Appellants, defendants, assign for error the ruling of the trial court sustaining a demurrer to their plea 2, wherein defendants set up a settlement since the last continuance. Appellants are not in a position to complain of this ruling for the reason that they had advantage, substantially, of the same defense under plea 1, demurrer to which was overruled.
But the defense amounted to nothing in any event, for proof of it rested upon an agreement purporting to have been made between defendant Shelton and three members of the commissioners' court acting individually, not as a court; that is, the agreement of settlement was signed by three commissioners at a time when there is no pretense that they were acting in their organized capacity as a court (Wightman v. Karsner,
There was no error in admitting checks and receipts showing payments to defendant Shelton as county treasurer by the tax collector. Receipts of money thus shown went to defendant's credit at the bank, and thus the county competently sought to show its ownership of the fund out of which was paid the sum of $1,000, the amount in controversy.
It was shown without dispute that defendant during his term of office as county treasurer had received the money in controversy on a check drawn in his favor by the tax collector. Defendant contended that so far as he was concerned this was a private *443 transaction between himself and W. J. Shelton, who was tax collector, and that the county had no interest in it. On the other hand, the county insisted that defendant well knew that the money he was getting was the money of the county and was paid to him as treasurer; that the check bore the notation "1915 taxes." Defendant excepted to the following excerpt from the court's oral charge to the jury, "On the other hand, gentlemen of the jury, if you conclude from the evidence that the defendant Lon Shelton in his individual and private capacity borrowed from W. J. Shelton this $1,000, it would not make any difference whether the money was county money or not unless Lon Shelton knew it was county money," the context going to show the court's meaning to be that, in that event, the plaintiff could not recover; "but," the court proceeded, "if Lon Shelton knew the funds he was borrowing from W. J. Shelton was money in the custody of W. J. Shelton belonging to the county, and with that knowledge he participated with the Farmers' Savings Bank [the drawee] or with the officers of that bank in diverting that money, or in converting that money, then he would be liable." This charge, in small compass, stated the substance of the law of the case. It is criticized in the brief for appellant as ignoring the evidence adduced by him in support of his contention stated above and his further contention that upon a settlement between himself as county treasurer and the tax collector he (defendant) had received all the money the county was entitled to receive and that he had accounted to the county for the same. But the charge is not subject to that criticism. It stated the issues and left the finding to the jury without any suggestion as to what the evidence was or what it tended to show. If, as appellant contends, the county lost nothing, that was a question for the jury on the evidence, and, on the record before us, we cannot conceive that the jury misunderstood so plain an issue, nor can we say with any sort of assurance that they made a mistake.

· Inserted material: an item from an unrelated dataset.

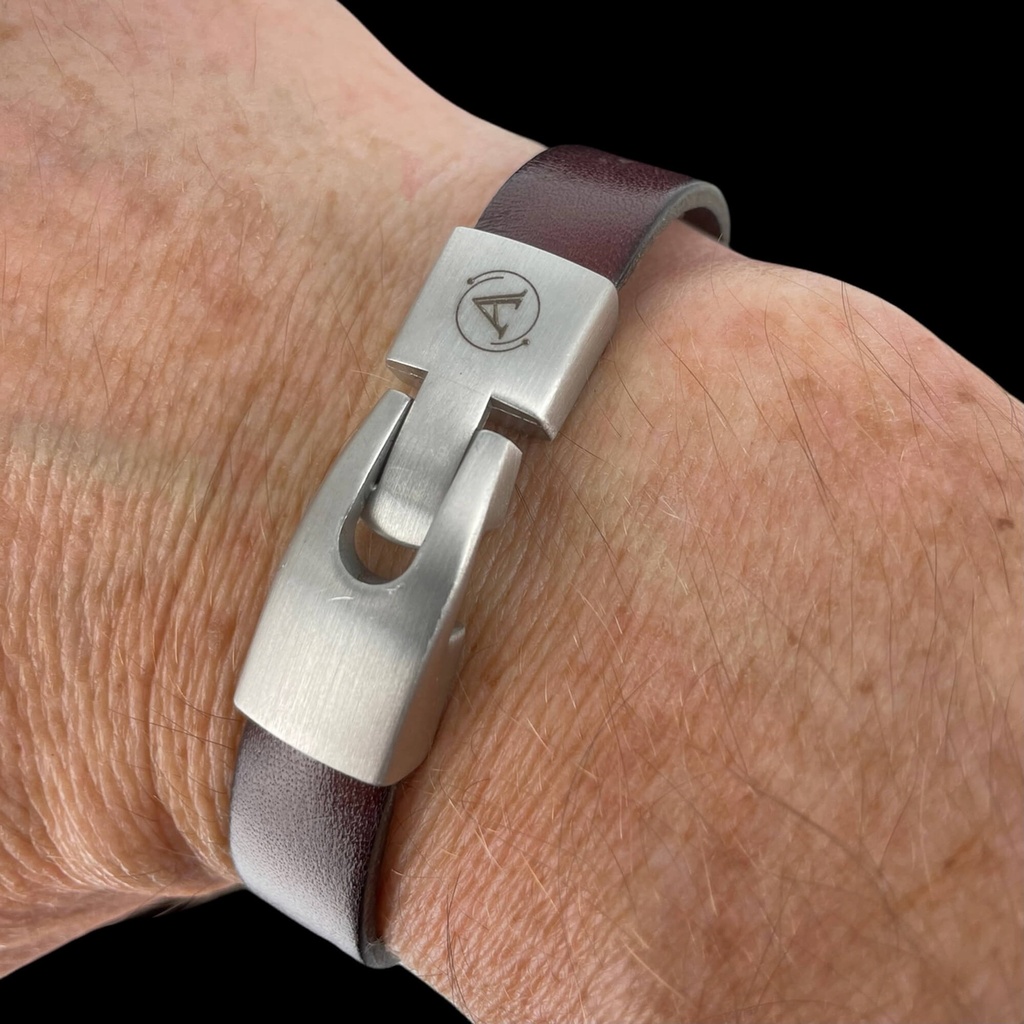 Bruin leren armband met grijskleurige edelstalen schakels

Charge 3 was refused to defendant without error. The charge was confusing and misleading. It was not necessary that the county should show that the state had an interest in the money. Probably also the charge was capable of another construction that justified its refusal, viz. that defendant received the check, representing the money in suit, as taxes. And, in any event, the issues were clearly stated to the jury in the court's oral charge, and error cannot be predicated of a charge covering in part the same ground. Section 5364, as amended by Acts 1915, p. 815.
Affirmed.
ANDERSON, C. J., and GARDNER and MILLER, JJ., concur.